To sum it up, what I figured out where blog postings of mine become visible was: in search engine results, RSS feed and trackbacks. Also, I can tell how they become visible: Either the headline only (hopefully but probably not abridged), headline plus (abridged?) link text, headline plus link text plus 255 characters of context, headline and link text plus the whole paragraph the link is in.
 


How to gain audience?

Now, how could I gain audience? How can I make them follow the breadcrumbs? How can I keep any visitors? How can I make them want to come back?

There were a few very basic principles I learned from my experiments: Respect your audience, every single individual, contribute something, be honest don’t attempt to trick your readers — they’d notice. If not individually, then as a collective, communicated by the comments in your blog.

There are simple ways to contribute some things: People like positive fellows, therefore being positive might make your visitors like your place, therefore might want to come back. Even if you need to contribute critics, people usually prefer constructive critic over a nagging, destructive or poor one, poorly researched. People flee naggers, but by providing substance — gathered by careful online search — you might gain a plus.

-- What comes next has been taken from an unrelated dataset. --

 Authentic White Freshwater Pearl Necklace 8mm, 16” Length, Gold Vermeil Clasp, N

Also, you might relay news by your postings. It’s a fine lineament to credit sources you used. Completely independend of your legal duty to identify your sources. Set a link to your source, and you get one more chance to gain a backlink. In many cases your credit and link to your source at least might cause the source page owner come over and read what you’ve written about them. Be pleasant, and you might even cause them to write positively about you in another post. However, being too pleasant might make you suspectible to your audience.
 

Provide substance

Next challenge I took was to provide substance. Before that, I created sensational headlines but quickly learned that people don’t come back, especially since the posting bodies provided the least substance. I noticed I had to put up and put up posting after posting to keep up the number of visitors, not to mention how to increase that number. Straw fires as I took to call them. — On the other hand, by some later project I learned by providing non-strawfire articles people actually come back, and I not even need to invest post after post, day after day. Which is true for this blog even more: The first day I had a dozen of page impressions, and since day #7 the blog never again had less than fifteen page impressions a day. Since somedays the number of referring pages is below the number of actual visitors, I assume there are indeed some people checking back with this blog independently.

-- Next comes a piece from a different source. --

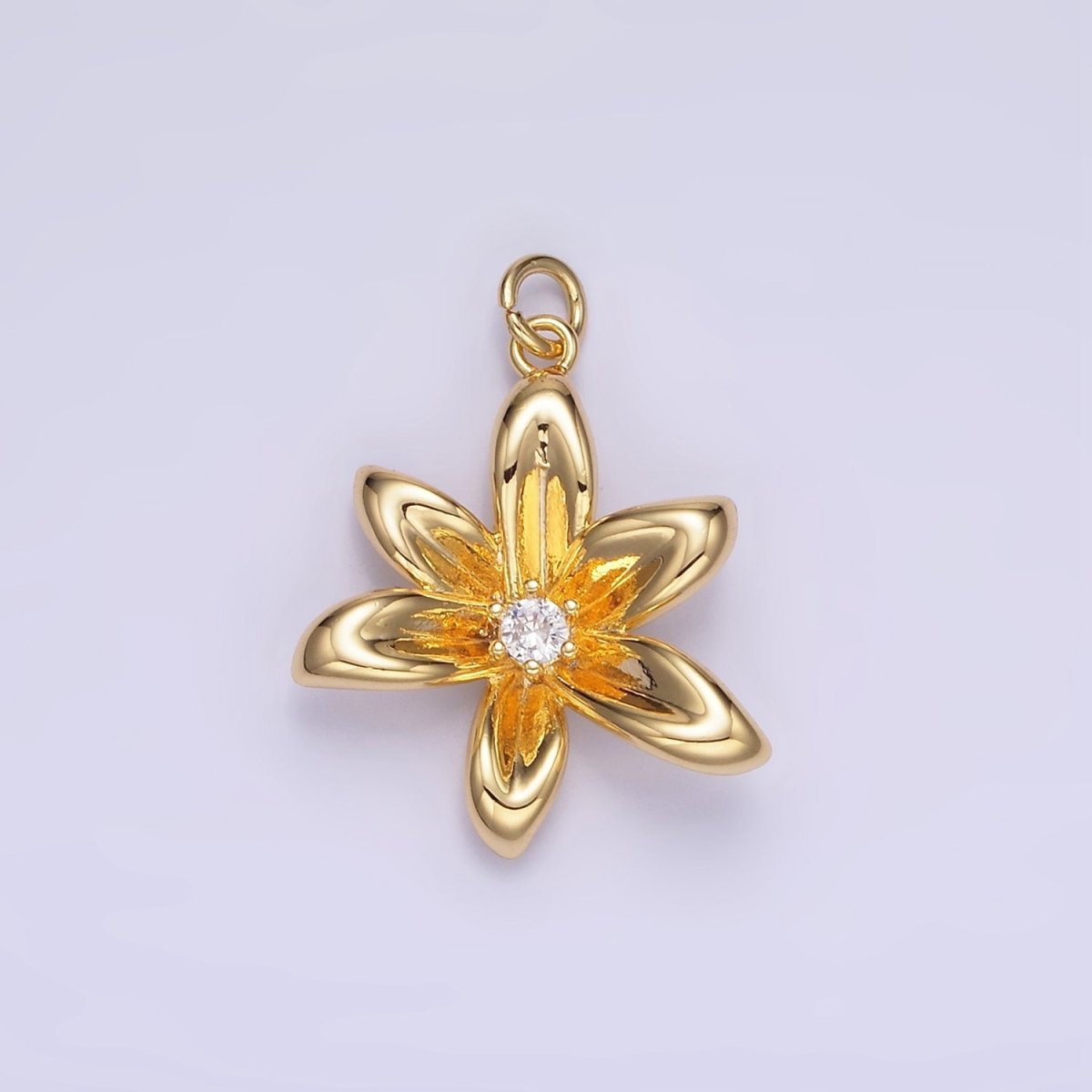 24K Gold Filled CZ Flower Personalized Charm in Gold &amp; Silver | W773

My rule of thumb on writing posting is to first figure out what point(s) I want to make and what’s the subject I am going to discuss. This helps me to stick to the topic. Then, write the article. Write its body first since that is what you are after and where you’ve got the space to present it. Only in the second step I go for the headline. As this one becomes visible everywhere — in search results, feeds and trackbacks –, I prefer to set up the headline as a summary of the article and, at the same time, in a manner that’s attractive enough to make people want to learn about the details, i.e. go into the article, read it. That, in my opinion, works as well for your yet gained permanent audience who are reading that headlined within your blog, right anext of the original article as for anyone who’s reading the headline from afar only, i.e. from another person’s page or as a search result.

During you write your posting you might notice keywords that are important for your article or help to identify what the article is about in only these few keywords. If you notice these down, you can re-use them as tags for your article. — Tags actually are some good, something valuable you provide to your readers: Tags are a tool. Your people might notice an article of you, ponder about it a few days but forget to store a bookmark for its original page. Then, coming back to your blog, having tagged the article helps them to re-find it. That’s the reason for why I prefer to tag my articles. (For that reason, I even tagged a few whole blogs of mine I wrote before the blog provider enabled tagging.)

By using 43 things, I learned to avoid my goals I listed there to look too dry. To have goals to achieve and duties to fulfill and steps to take to make it to ther, what I achieved already and what I needed to tackle next at least should not look unworthwhile. Therefore, I begun to wrap up the dry definitive parts into stories. Which made them look more human and livable. Although I never ever had a real human feedback on whether that way of wrapping up things by personal stories, by making the things more real by connecting them with issues of my real life, I continued that habit and applied it to blogging too. I think, that makes me look more real. At least it makes more real for me what I write about or what I aim at. — However, making things more real, more tangible in my humble opinion is also a means to provide my readers with a little more surplus.
 

Lessons learned

Along the way of figuring out everything, I also learned some lessons. To increase the number of visitors by sensational headlines inveigles to actually do so. But you rather quickly learn about the strawfire effect and will go for an alternative strategy costing less.

In detail: A strawfire headline might catch as long as people don’t see the whole posting. The moment they do they might notice your headline was crap. And leave. Therefore, I turned to make my headlines match what I wrote about. If the article is poor, well, then don’t promise too much by the headline. Stick to the facts. Be honest. To your visitors you show your respect for them by doing so. Which might make you more liked. Reward your visitors for coming over, make your article match what its headline promised. If you (try to) trick them they might mention your blog as inadvisable. If at all.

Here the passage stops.